___ Records for this exercise ___

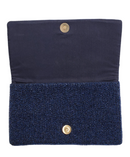 Navy clutch opened to see inside snap and fold over.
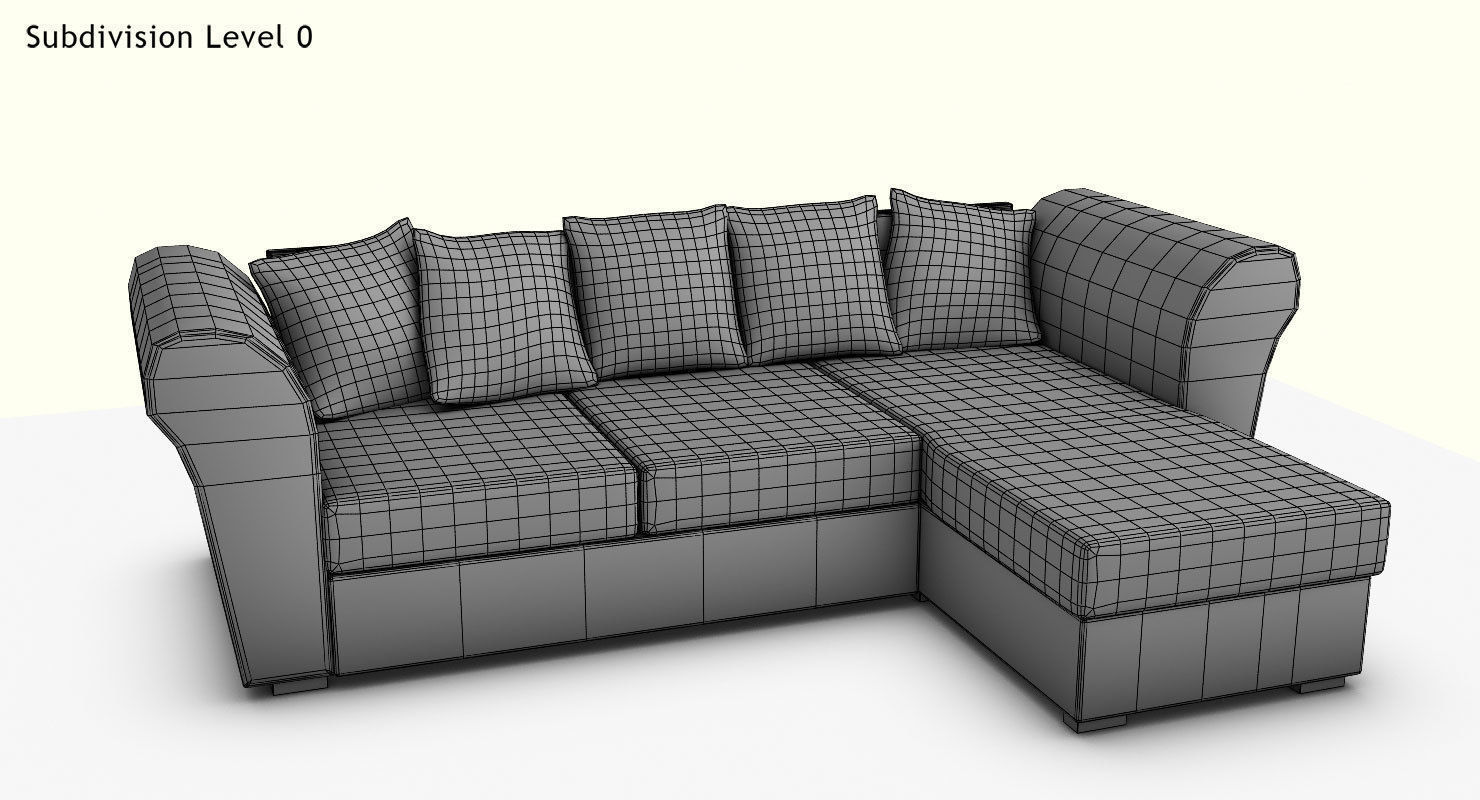 Couch sectional sofa with pillows Low-poly 3D model_7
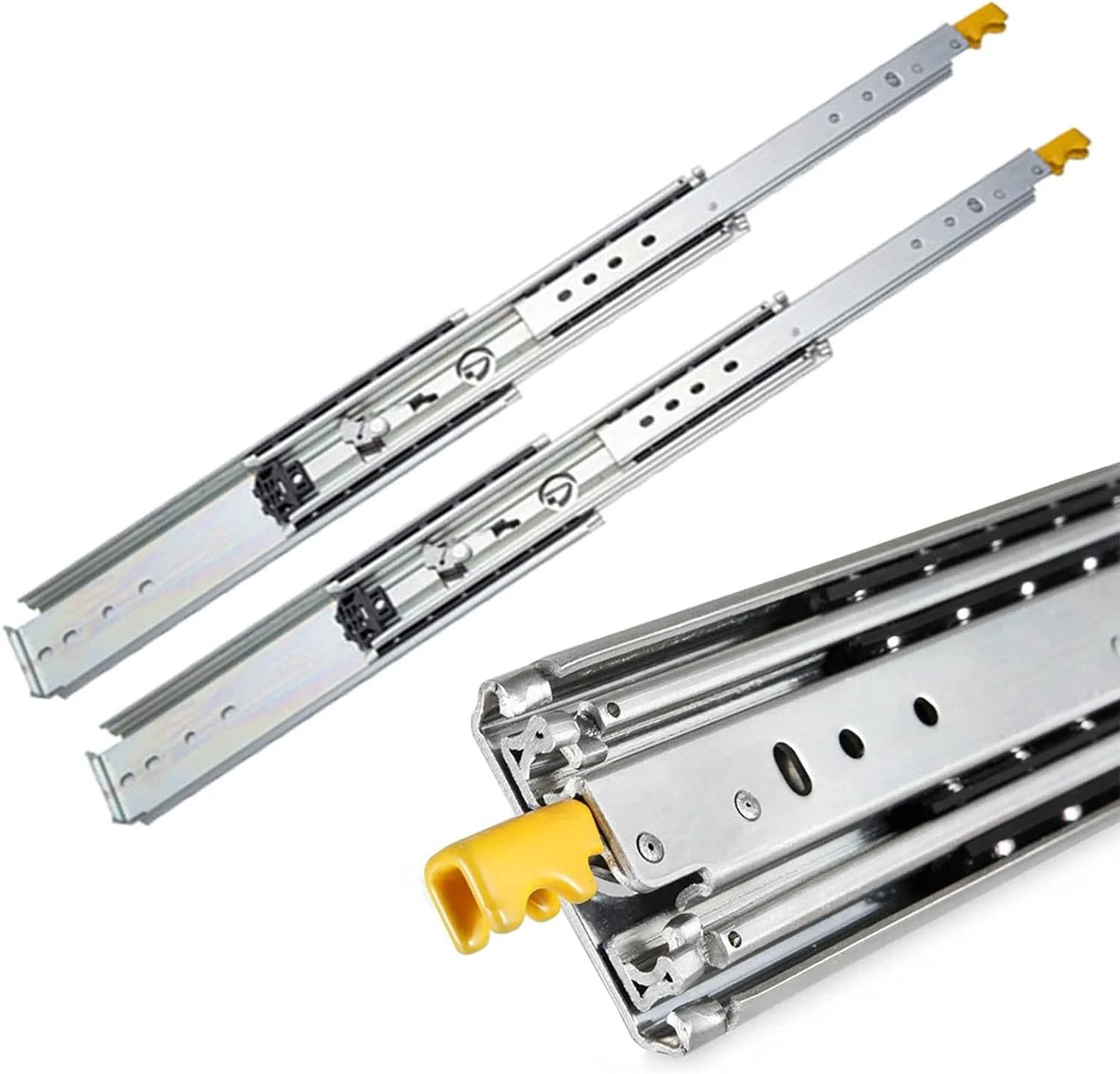 ریل کشویی سه تکه فوق سنگین با قابلیت باز شدن کامل 40 تا 60 اینچ با قفل، عرض 76 میلی متر، بلبرینگ سخت افزاری، حرکت روان، نصب جانبی، 1 جفت، 1050 میلی متر (تک رنگ 1200 میلی متر (48 اینچ)) ریل کشویی سه تکه فوق سنگین با قابلیت باز شدن کامل 40 تا 60 اینچ با قفل، عرض 76 میلی متر، بلبرینگ سخت افزاری، حرکت روان، نصب جانبی، 1 جفت، 1050 میلی متر (تک رنگ 1200 میلی متر (48 اینچ))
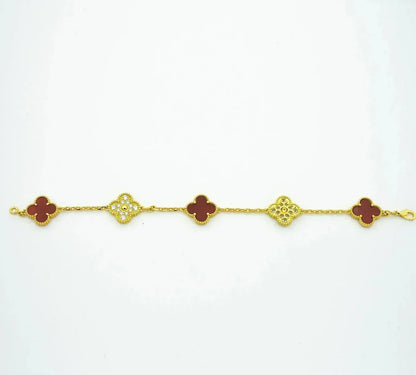 [Noble Aura jewelry] CLOVER 5 MOTIF RED CORNELIAN BRACELET COLLECTION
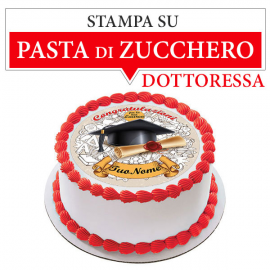 Cialda personalizzata LAUREA LEI tonda (stampa su pasta di zucchero)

___

> What the task requires
All the records need to be retyped word for word, except for the pictures.

> Written answer
 Navy clutch opened to see inside snap and fold over.
 Couch sectional sofa with pillows Low-poly 3D model_7
 ریل کشویی سه تکه فوق سنگین با قابلیت باز شدن کامل 40 تا 60 اینچ با قفل، عرض 76 میلی متر، بلبرینگ سخت افزاری، حرکت روان، نصب جانبی، 1 جفت، 1050 میلی متر (تک رنگ 1200 میلی متر (48 اینچ)) ریل کشویی سه تکه فوق سنگین با قابلیت باز شدن کامل 40 تا 60 اینچ با قفل، عرض 76 میلی متر، بلبرینگ سخت افزاری، حرکت روان، نصب جانبی، 1 جفت، 1050 میلی متر (تک رنگ 1200 میلی متر (48 اینچ))
 [Noble Aura jewelry] CLOVER 5 MOTIF RED CORNELIAN BRACELET COLLECTION
 Cialda personalizzata LAUREA LEI tonda (stampa su pasta di zucchero)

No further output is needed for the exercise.